Birgit und Eckhard Eichhorst sind zwei von ihnen und sind schon gut zwei Stunden vor Anpfiff im Testzentrum. »Das war mein erster Coronatest«, sagt Eckhard. »Eigentlich warten wir ja auf die Impfung, sodass wir keinen Test mehr brauchen, aber es ist noch keine Einladung gekommen«, erklärt der 71-Jährige. Doch selbst mit Impfung hätte er heute getestet werden müssen, denn das ist Teil des Pilotprojekts, von denen es im Berliner Sport drei geben soll: in der Max-Schmeling-Halle, dazu in der Arena am Ostbahnhof, wo Alba Basketball und die Eisbären Eishockey spielen, und das Stadion An der Alten Försterei, die Heimstätte des Fußball-Bundesligisten 1. FC Union Berlin. Termine für die letzten beiden Projekte gibt es allerdings noch nicht.

Trotz der Coronatests, die mehr als sieben Stunden vor Spielbeginn starten, ist das Tragen von Masken auch in der Halle Pflicht. Abstände und Hygieneregeln müssen ebenfalls eingehalten werden, mehr als zwei Menschen dürfen nicht nebeneinander sitzen. Sie sollen zudem privat mit dem Rad oder im eigenen Auto kommen. Rund um die Max-Schmeling-Halle gibt es zwar kaum Parkplätze, doch der öffentliche Nahverkehr mit den naheliegenden Stationen von Straßen-, U- und S-Bahn soll durch die Veranstaltung nicht zum Hotspot werden.

Die beiden Rentner Birgit und Eckhard tragen Orange: Sie einen Schal, bei ihm lugt das T-Shirt unter dem Pullover hervor. Sie sind offensichtlich Fans der Berlin Volleys, wie so viele hier. »Ich habe eine E-Mail vom Verein erhalten, dass zu diesem Spiel wieder Zuschauer kommen können. Also habe ich gleich versucht, Tickets zu ergattern, denn wir sehen gerne Volleyball«, sagt Birgit.

Erst beim zweiten Versuch hatten sie Glück. Dann aber gleich richtig: »Wir haben Plätze im Promiblock bekommen, da haben wir noch nie gesessen.« Die Vorfreude, mal wieder dabei zu sein und etwas zu erleben, sei riesig, sagt sie, denn die schlechten Übertragungen der Pay-TV-Sender hätten sie in den vergangenen Monaten doch sehr verärgert.

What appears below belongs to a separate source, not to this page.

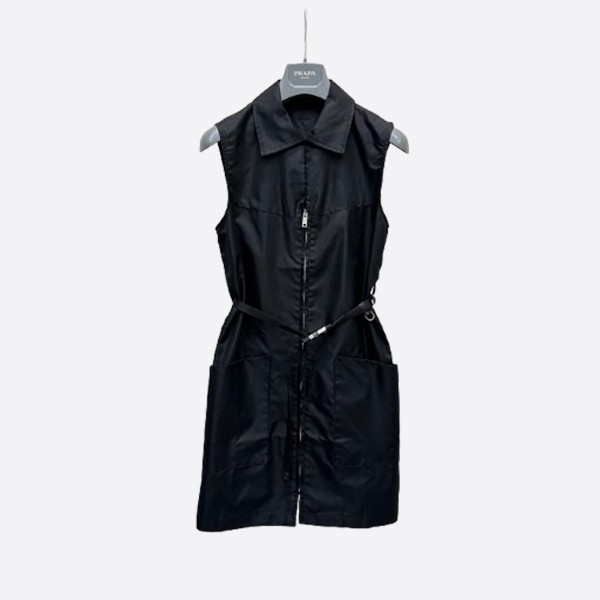 プラダ トライアングルロゴ フード付き 防風ジャケット ブラック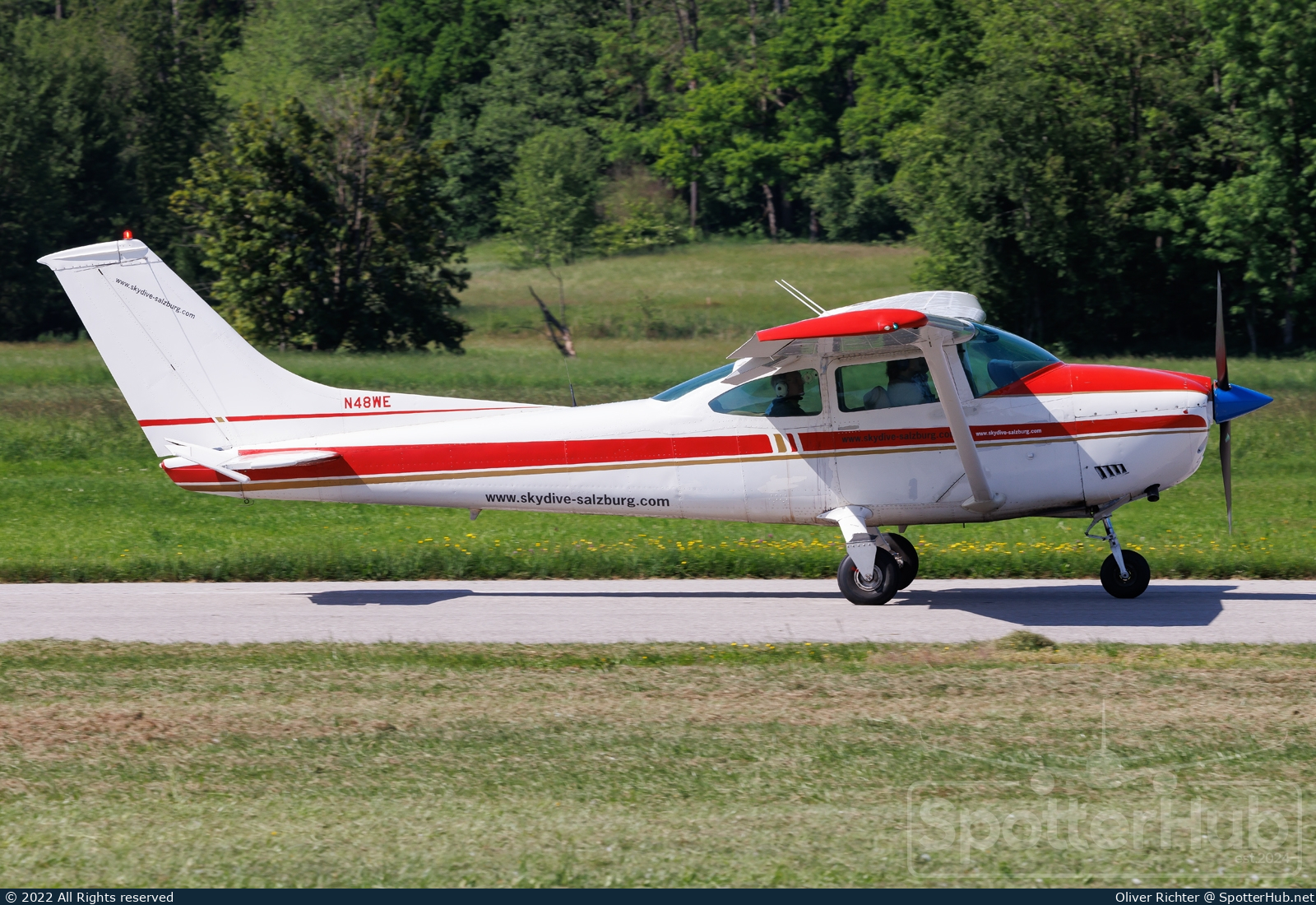 Photo of N48WE - Cessna 182P Skylane II operated by Skydive Salzburg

Bedenken, dass dieser Probelauf mit 1000 Menschen in einem geschlossenen Raum bei auch in der Hauptstadt steigenden Inzidenzwerten gefährlich sein könnte, haben beide nicht. »Vorsorge ist getroffen, und da verlassen wir uns drauf. Wir sind auch jeden Tag in Berlin unterwegs. Wir fahren Bahn, wir laufen auf der Straße eng an anderen Leuten vorbei. Man kann sich doch nicht verstecken und in der Wohnung versauern. Sicherer als hier geht es doch gar nicht«, meint Eckhard Eichhorst und hofft ganz nebenbei auf einen positiven Effekt seines Besuchs: »Ich bin fest davon überzeugt, dass wir Heimfans auch den Sportlern helfen werden. Wir werden richtig Radau machen.«

Schon vor Spielbeginn zeichnet sich für die Berlin Volleys tatsächlich ein Erfolg ab. Alle 1000 Coronatests des Tages fallen negativ aus. Da bundesweit derzeit acht Prozent aller Proben positiv sind, bislang aber fast ausschließlich Kontaktpersonen von Infizierten oder Menschen mit Krankheitssymptomen untersucht werden, können auch die Pandemieforscher derlei Daten nutzen, um Rückschlüsse auf die tatsächliche Verbreitung des Virus zu ziehen. Auch aus diesem Grund hat der Berliner Senat die Pilotprojekte in Kultur und Sport zugelassen.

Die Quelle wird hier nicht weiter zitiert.